Apportionment
Methods - Pereira-VanCamp
Analysis
Measures Potential Community Interest in Separate Business
Property
Case Study: Our
client, Jones owned a computer circuit board fabrication and
manufacturing company at the time the parties’ marriage
in 1992. He was president of the Company and worked full-time
running the Company during the marriage and held the same
ownership interest at the time the parties separated, in 2000.
Wife asserted that the community was entitled to apportionment
of the increase in value of the husband’s separate property
interest in the Company because husband had provided the Company
with his community labor during the term of the marriage.
Counsel elected to apply a Van Camp approach [Van Camp v Van
Camp, [1921] 53 CA 17]. This method of apportionment measures
the adequacy of the compensation paid to the community for
the separate property spouse’s work efforts during the
marriage. To the extent that the compensation was less than
the value of the labor provided to the company, the Court
may apportion part of the separate property to the community.
In theory, the underpayment to the community by the Company
could be treated as an investment in the Company by the Community,
and any increase in value during marriage apportioned to the
Community on the basis of that investment.
As part of our assignment we were asked to determine whether
the community had been adequately compensated by husband’s
separate property Company during the term of the marriage.
As a first step we collected the compensation history of the
husband, for each of the years he was employed by the Company.
We then compared this amount to appropriate measures of the
value of his labor. This analysis followed the same procedures
we used to test the value of owners’ compensation for
every valuation assignment. We usually use the Economic Research
Institute (ERI) survey-based data, and did so in this case,
as well. ERI is an independent firm that studies compensation
levels for many industries and government and provides that
information to human resource department. We were also able
to find a Circuit Board Manufacturer industry association
that collects salary information from its members. We also
compared Husband’s compensation to the local Consumer
Price Index. Our analysis resulted the chart shown below.
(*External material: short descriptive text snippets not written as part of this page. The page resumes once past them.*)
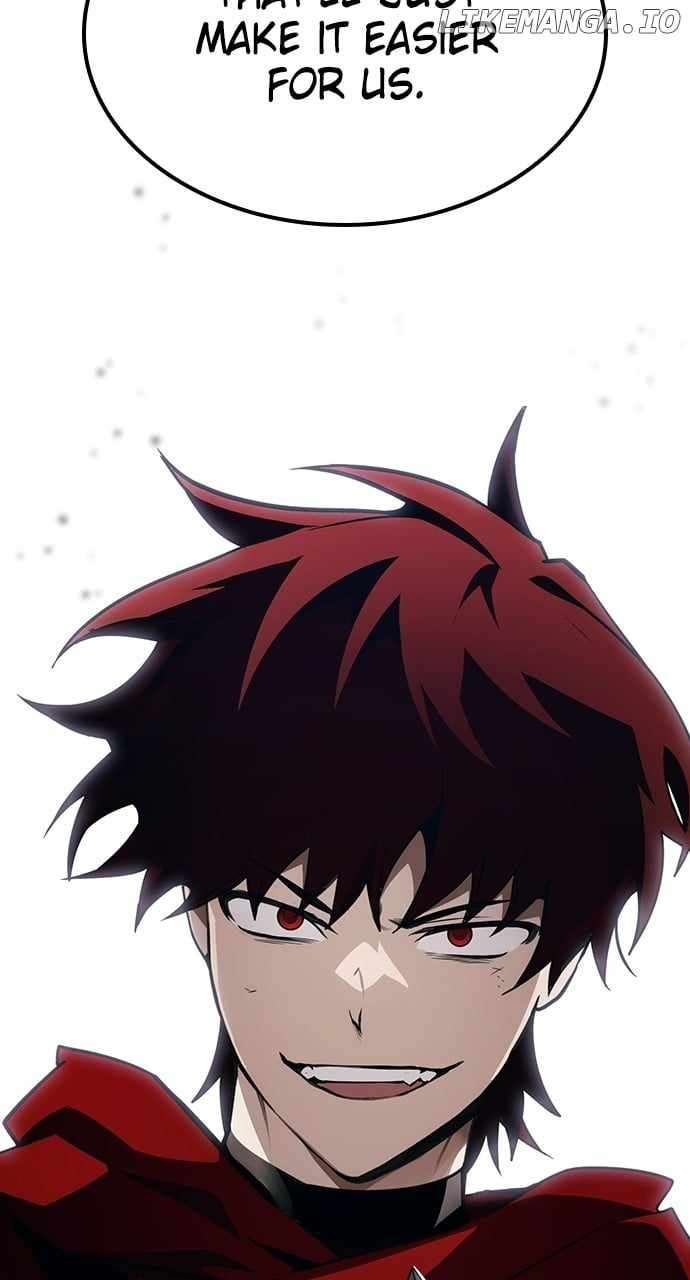 Page 75 of Chapter 60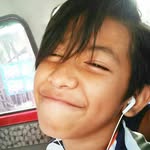 jamespiñero13 - @james_pinero13 - Instagram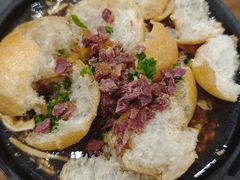 -明将锅贴(五爱路店)
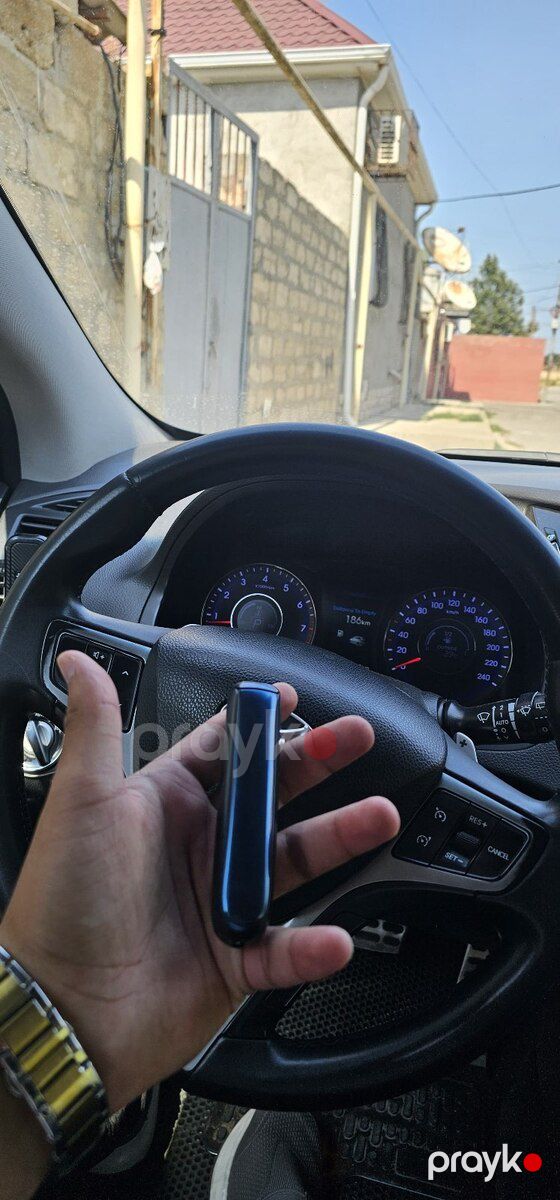 Tütün qızdırıcısı Ploom Aura — Elektronik siqaretlər, Bakı (7)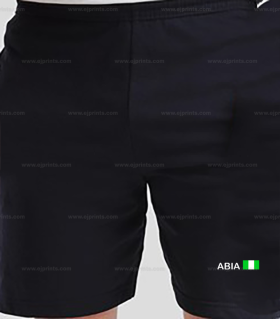 ABIA PANT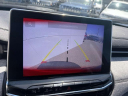 Thumbnail image of 2022 Jeep Compass at Garden City Jeep Chrysler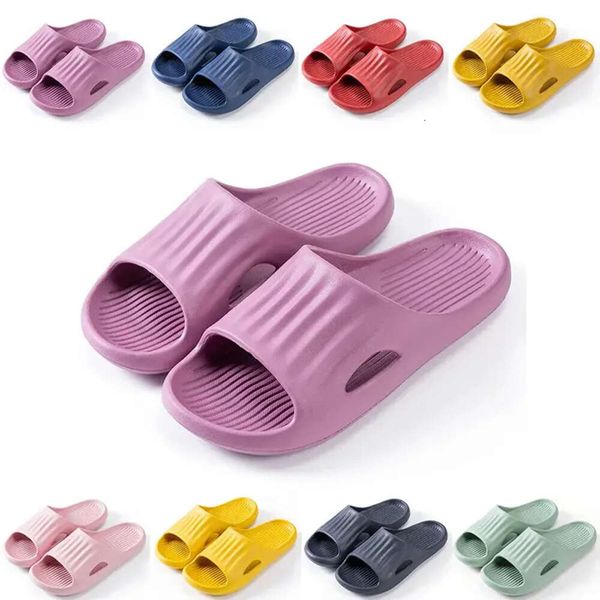 shoes slides men slippers women sandal platform sneaker mens womens red black white yellow slide sandals trainer outdoor indoor941 s s s156
shoes slides men slippers women sandal platform sneaker mens womens red black white yellow slide sandals trainer outdoor indoor941 s s s156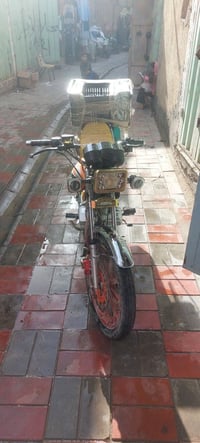 طوريج شارع اربعين • اوراق كامله • موديل ٢٠٢٤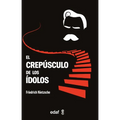 Crepusculo de Los Idolos, El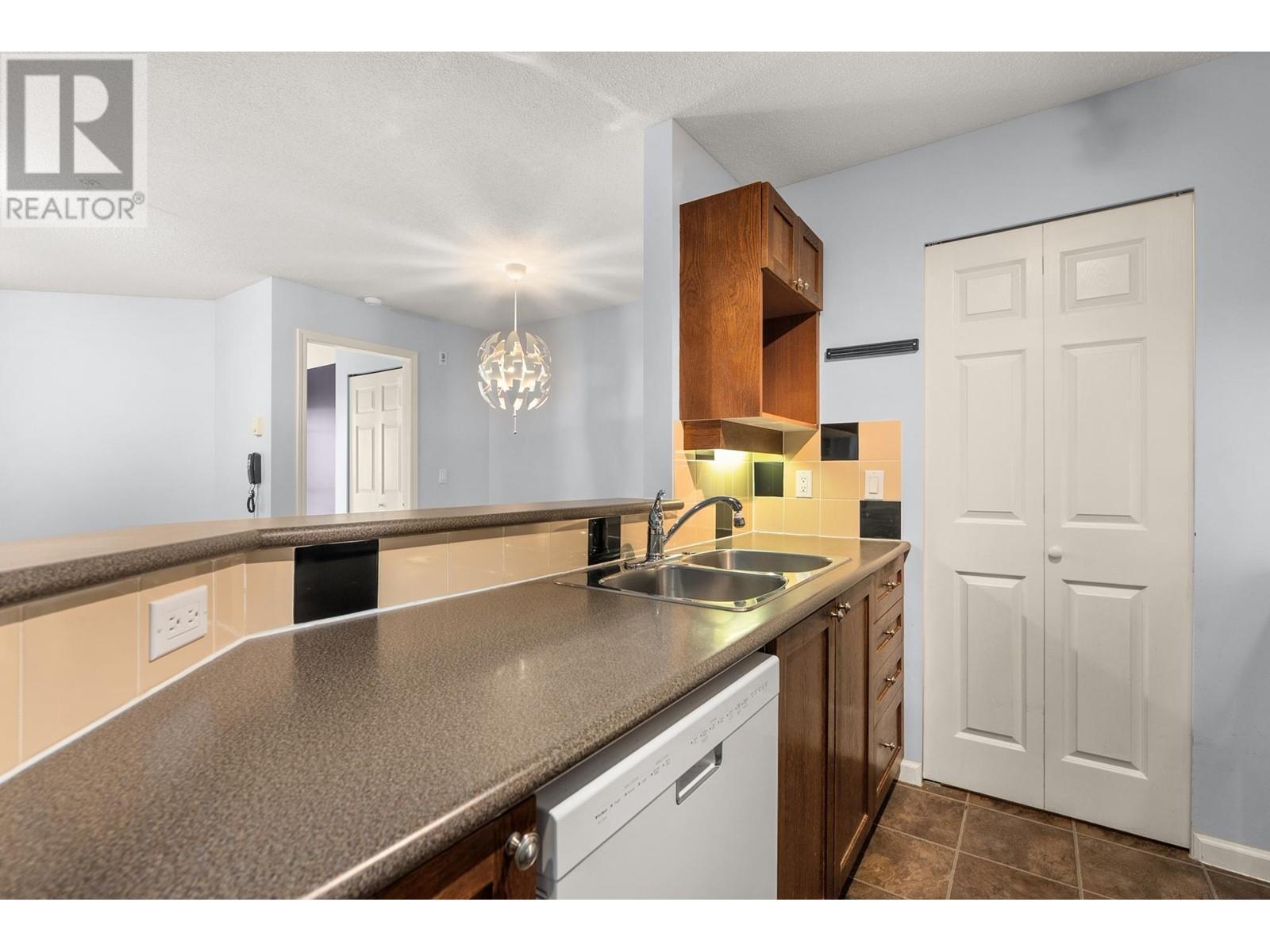 234 5600 Andrews Road, Richmond, British Columbia  V7E 6N1 - Photo 13 - R2985754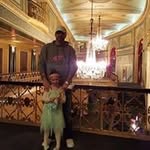 kj - @jacobsavery - Instagram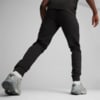 Imagen PUMA Pantalones deportivos para hombre PUMATECH #2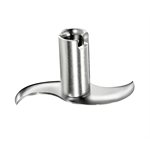 Couteau hachoir Bamix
The comparative data we were able to find showed pretty clearly
that the ERI and Industry-based compensation exceeded the
growth in the CPI by a significant amount. This isn’t
surprising: both of these sources are driven by industry-specific
surveys of companies, whereas the CPI data simply plots a
base year against increases in the cost-of-living. During
the period we examined, the demand for professional managers
in the circuit board industry drove the price of that labor
upward faster than the general cost-of-living.
Conclusion.
Our Data showed that for each of the years during the marriage,
Husband’s compensation, the amount received by the community
for his services, exceeded the fair market value of the services
he provided to the Company. In this case, the Community was
compensated adequately for the services it provided to the
company through Husband’s labor. From this Van Camp
viewpoint, there was no justification for apportionment based
on inadequate compensation of the community.